Fusion Pipeline
Gate optimizations before execution, gated by qubit count thresholds. Every pass returns Cow<Circuit>. Borrowed when no optimization applies, so circuits that do not benefit pay zero overhead.
flowchart TD
IN[Input Circuit] --> P0["cancel_self_inverse_pairs (always)"]
P0 --> P0r["fuse_rzz (always): CX·Rz·CX to Rzz"]
P0r --> P0b["fuse_batch_rzz (>=16q): N×Rzz to BatchRzz"]
P0b --> G{"qubits >= MIN_QUBITS_FOR_FUSION (10)?"}
G -- no --> OUT[Output Circuit]
G -- yes --> P1["fuse_single_qubit_gates (>=10q)"]
P1 --> P1r["reorder_1q_gates (>=10q)"]
P1r --> P1c["cancel_self_inverse_pairs (>=10q)"]
P1c --> P1f["fuse_single_qubit_gates re-fuse (>=10q)"]
P1f --> P2q["fuse_2q_gates (>=12q): CX/CZ + adjacent 1q to Fused2q"]
P2q --> P2qb["fuse_same_pair_2q_blocks (>=12q)"]
P2qb --> P2["fuse_multi_1q_gates (>=14q) to MultiFused"]
P2 --> P2qr["reorder_disjoint_fused2q (>=12q)"]
P2qr --> Pm2q["fuse_multi_2q_gates (>=12q) to Multi2q"]
Pm2q --> Pcp["fuse_controlled_phases (>=16q) to BatchPhase"]

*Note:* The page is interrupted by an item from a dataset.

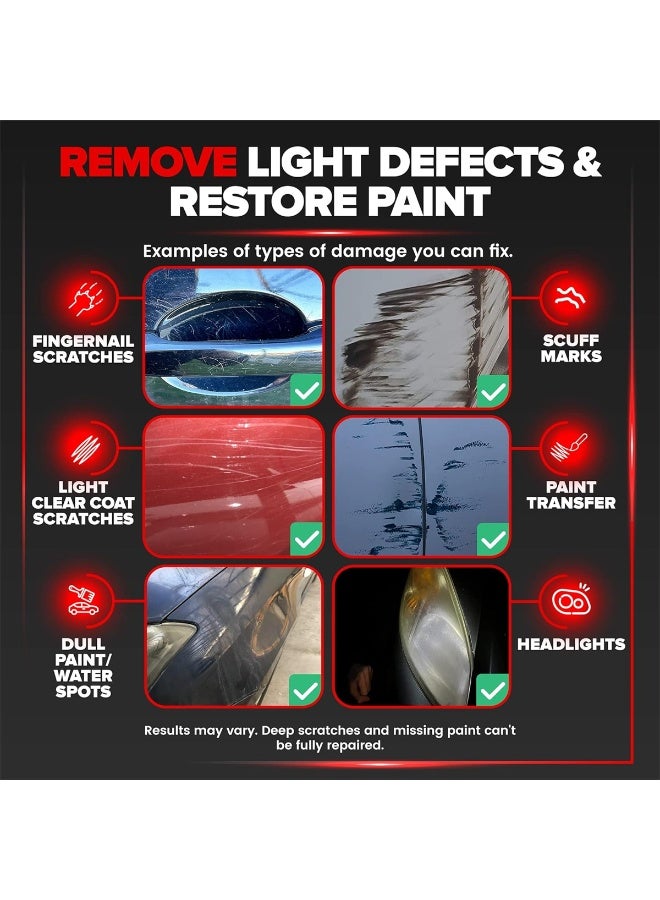 Sword Pro Car Scratch Remover Liquid 300ml Combo Pack 2pcs, Auto Paint Scratch Repair Polish, Swirl Mark Remover, Clear Coat Safe, Restores Color and Gloss, For Cars Bikes Scooters, Hand Use, Removes Light Scratches, Scuff Marks, Water Spots, HeadlightUV - Image 3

Pcp --> Pdb["fuse_diagonal_batch (>=16q) to DiagonalBatch"]
Pdb --> Ppp["batch_post_phase_1q (>=18q)"]
Ppp --> OUT
Threshold constants
| Constant | Value | Rationale |
|---|---|---|
MIN_QUBITS_FOR_FUSION | 10 | Below this, clone cost exceeds simulation savings |
MIN_QUBITS_FOR_MULTI_FUSION | 14 | MultiFused tiling overhead vs benefit |
MIN_QUBITS_FOR_DIAG_BATCH | 16 | Diagonal batch, cphase, and Rzz batching |
MIN_QUBITS_FOR_POST_PHASE_BATCH | 18 | Post-phase 1q re-batching |
MIN_QUBITS_FOR_2Q_FUSION | 12 | Benchmarked QV and random sweeps show memory-pass reduction wins from 12q |
MIN_QUBITS_FOR_MULTI_2Q_FUSION | 12 | Same as 2q fusion |